| Abstract|| |
Background: Cardiovascular diseases (CVDs) are one of the most common causes of morbidity and mortality. Most of the risk factors of CVDs develop early in childhood. Schools immensely influence the thinking pattern of students and can thus shape their behavior. However, no amount of knowledge and awareness can change health behaviours of students until they get support from enabling environment in the schools. The Ottawa charter has also emphasized on building healthy public policy and creating supportive environments for health promotion in schools. Materials and Methods: The present study was conducted in 10 schools in Delhi, India. School policies, environment, community participation and approach of school health agency were assessed by interviewing authorities, review of related documents and direct observation in schools. Results: It was found that none of the schools had any written health policy. Environment in most of the schools was not conducive for cardiovascular health promotion. Conclusion: The study highlights that the schools lack health policies and environment for cardiovascular health and also points out the approach of school health agency, focusing on medical check-ups and treatment of minor illnesses.
Keywords: Cardio vascular diseases, environment, health policy, health promotion, schools
|How to cite this article:|
Kaur R, Mishra P, Taneja DK. Cardiovascular health promotion in schools of Delhi, India: A baseline evaluation of environment and policies. Ann Trop Med Public Health 2012;5:114-8
|How to cite this URL:|
Kaur R, Mishra P, Taneja DK. Cardiovascular health promotion in schools of Delhi, India: A baseline evaluation of environment and policies. Ann Trop Med Public Health [serial online] 2012 [cited 2021 Mar 6];5:114-8. Available from: https://www.atmph.org/text.asp?2012/5/2/114/95965
| Introduction|| |
Cardiovascular diseases (CVDs) are a major cause of morbidity and a leading contributor to mortality worldwide. In 2005 noncommunicable diseases accounted for 53% of all deaths in India, out of which 29% were due to CVDs.  Besides this, coronary heart disease in Indians has been shown to occur at least a decade or two earlier than their counterparts in developed countries. 
CVDs have multiple risk factors like unhealthy diet, physical inactivity, tobacco and alcohol use. Most of these are determined by patterns of behavior established in childhood. , Hence, these cardiovascular risk behaviors may be easier to modify in younger age rather than at later ages.
Schools have profound influence on thinking patterns and behavior of children and their families. The school environment and policies affect the behavior of children in the formative years of their personality that directly influence their lifestyles later in life. Applying the principles of health promotion in school children can lead to decreased burden of CVDs.
The Ottawa charter released in 1986 was a major milestone in the direction of health promotion. It focused on health promotion actions like building healthy public policy, creating supportive environments, strengthening community action, developing personal skills and reorienting health services.  Based on these principals the health promoting school concept was adopted by the World Health Organization (WHO) in 1995.
In India, there is lack of studies based on the aspects of health promotion in schools. Therefore the current study was carried out with objectives of evaluating school health policies, school environment, approach of school health agency and community participation towards health promotion in relation to cardiovascular health.
| Materials and Methods|| |
The present study was carried out in central district of Delhi, the capital of India. Central district was selected for the study because of proximity to the research institution. All schools, government and private in central district of Delhi were included in the sampling frame. Five government and five private schools were randomly selected from the list of schools.
Exclusion Criteria: Schools involved with WHO's 'School Health Promotion Project' were excluded from the study, as the project could have affected the school environment and policies.

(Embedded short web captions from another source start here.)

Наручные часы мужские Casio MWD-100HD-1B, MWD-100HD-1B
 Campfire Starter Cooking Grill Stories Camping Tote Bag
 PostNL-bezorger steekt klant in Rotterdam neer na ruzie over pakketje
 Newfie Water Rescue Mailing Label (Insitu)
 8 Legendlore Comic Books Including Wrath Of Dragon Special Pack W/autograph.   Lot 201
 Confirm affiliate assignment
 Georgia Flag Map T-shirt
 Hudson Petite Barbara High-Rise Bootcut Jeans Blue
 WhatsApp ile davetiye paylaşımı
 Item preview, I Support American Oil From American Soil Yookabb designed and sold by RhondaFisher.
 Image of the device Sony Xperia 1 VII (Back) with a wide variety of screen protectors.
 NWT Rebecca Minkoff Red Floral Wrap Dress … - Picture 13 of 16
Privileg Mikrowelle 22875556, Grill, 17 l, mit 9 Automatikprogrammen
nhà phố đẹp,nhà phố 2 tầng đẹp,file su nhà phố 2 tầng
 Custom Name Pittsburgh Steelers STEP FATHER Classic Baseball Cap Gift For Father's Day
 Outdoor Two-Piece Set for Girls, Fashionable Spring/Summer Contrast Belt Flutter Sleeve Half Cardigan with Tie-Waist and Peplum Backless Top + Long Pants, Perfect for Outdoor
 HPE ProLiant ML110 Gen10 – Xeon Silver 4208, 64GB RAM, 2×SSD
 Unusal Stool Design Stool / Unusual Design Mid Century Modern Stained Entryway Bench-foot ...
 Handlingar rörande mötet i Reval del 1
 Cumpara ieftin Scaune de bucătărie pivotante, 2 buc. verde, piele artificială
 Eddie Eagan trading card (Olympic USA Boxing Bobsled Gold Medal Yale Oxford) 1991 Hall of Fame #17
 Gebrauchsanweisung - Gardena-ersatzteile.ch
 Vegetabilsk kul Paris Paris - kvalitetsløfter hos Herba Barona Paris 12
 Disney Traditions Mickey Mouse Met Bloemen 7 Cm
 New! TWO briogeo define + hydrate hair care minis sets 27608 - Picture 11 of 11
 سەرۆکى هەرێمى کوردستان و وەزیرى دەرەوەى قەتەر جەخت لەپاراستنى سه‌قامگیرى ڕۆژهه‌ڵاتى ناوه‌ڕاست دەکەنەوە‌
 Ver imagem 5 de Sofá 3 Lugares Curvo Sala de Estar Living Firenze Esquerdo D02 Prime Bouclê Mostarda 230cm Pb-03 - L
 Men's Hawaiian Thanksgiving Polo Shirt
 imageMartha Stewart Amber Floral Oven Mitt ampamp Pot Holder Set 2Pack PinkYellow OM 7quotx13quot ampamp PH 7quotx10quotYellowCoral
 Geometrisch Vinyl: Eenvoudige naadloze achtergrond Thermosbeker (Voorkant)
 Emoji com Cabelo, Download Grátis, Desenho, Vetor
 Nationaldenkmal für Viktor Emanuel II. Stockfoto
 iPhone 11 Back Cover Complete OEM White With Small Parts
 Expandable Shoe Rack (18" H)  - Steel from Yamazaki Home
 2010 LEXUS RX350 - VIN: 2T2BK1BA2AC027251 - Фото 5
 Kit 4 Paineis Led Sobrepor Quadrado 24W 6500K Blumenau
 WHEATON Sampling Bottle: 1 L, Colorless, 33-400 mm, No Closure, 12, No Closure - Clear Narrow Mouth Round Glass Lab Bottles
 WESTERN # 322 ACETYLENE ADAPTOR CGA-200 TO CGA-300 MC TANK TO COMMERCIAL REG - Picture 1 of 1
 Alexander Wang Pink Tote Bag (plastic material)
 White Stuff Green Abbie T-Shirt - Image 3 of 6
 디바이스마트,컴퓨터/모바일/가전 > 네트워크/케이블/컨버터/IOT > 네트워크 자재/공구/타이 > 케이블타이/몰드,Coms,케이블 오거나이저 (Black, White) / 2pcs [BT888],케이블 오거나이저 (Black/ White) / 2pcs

In the beginning, permission from the Delhi Government School Health Scheme was taken for government schools whereas for private schools permission was sought from the concerned authorities i.e., Principals, Vice Principals or Members of the managing trust (in one school). A suitable date and time was fixed for the interview. On the prefixed days Principals or Vice Principals were interviewed using a semi structured questionnaire to get information on school health policies, participation of parents, teachers and students in health issues and approach of school health agency in cardiovascular health promotion. Class monitors were also interviewed to get information on meetings of parents, teachers and involvement of parents in health issues. They were also enquired about periods of physical activity per week, availability of sports equipments, guidance by physical education or yoga teacher and use of tobacco or alcohol by any staff member in the school.
Observations regarding display of any school health policy, availability of play ground, type of food in the school canteen and outside the school as well as approximate distance of outlets for sale of tobacco products from the school, were made by the investigators and recorded on the proforma.
Ethical considerations: The study was approved by the ethical committee of the institution. The objective and procedure of the study was explained to the school authorities. Written informed consent was taken from the school authorities. Address and the phone numbers of the investigators were made available to the school authorities and students for further communications if required.
After completion of the study, students and teachers in these schools were given health education regarding risk factors of CVDs and how to avoid modifiable risk factors of these diseases.
| Results|| |
School Health Policies
None of the10 schools studied had any written health policy. No school, government or private, had policy for regulation of food stuffs sold in the canteen or vendors selling food products just outside school premises. None of the schools had written policy for prevention of tobacco and alcohol use. Only in one private school a board indicating 'Selling of Tobacco Products within 100 Yards of School is Prohibited' could be found. In another private school a board saying 'No Smoking Zone' was displayed.
Five schools (two government and three private) had informed the investigators that they were following some regulations, like prohibition of tobacco and alcohol use in the school campus, but these were neither documented nor displayed.
All the schools studied except one had a play ground for outdoor games and physical activities along with equipments for playing games like volleyball, football, cricket, etc. [Table 1] Students had free access to these equipments during games period in all these schools except for one government school where these were available to students of senior classes only and that too not always.
Most of the schools had two or more games teachers, except for one private and two government schools which had only one teacher. Two of the government schools also had one yoga instructor with them.
Only one government and one private school had three or more games period per week for each class.
Effects of physical activity and obesity were included in curriculum in one government and one private school only. Extracurricular activities in the form of plays, skits, mono acting competitions, poster making competitions, etc. for promotion of physical activity and prevention of obesity were held in one government and two private schools.
All the private schools and two government schools had canteen in their campus. Canteens both in government and private schools were serving fast foods like burger, patties, fried savory snacks, aerated drinks, chips, etc. Only two private school canteens had healthy food items (like fruits, rice and pulses, fruit juices, etc.) along with fast foods.
All the government schools had vendors/hawkers selling junk food outside the school where as three out of five private schools had such vendors. The food items sold by these vendors were chhole bhature, kachauri (fried Indian snacks), chips, ice candy, etc. Only two government schools had vendors selling fruit chat but it was not hygienic.
Out of 10 schools, seven (two government and five private) covered the effects of fruits, vegetables and fast foods in the school curriculum during the last 1 year. Extracurricular activities covering good dietary practices like intake of fresh fruits and vegetables, avoidance of fast foods and carbonated drinks were held in two government and two private schools.
Tobacco and alcohol
Outlets selling tobacco products were present within 100 yards of all government schools and four of the five private schools studied [Table 2].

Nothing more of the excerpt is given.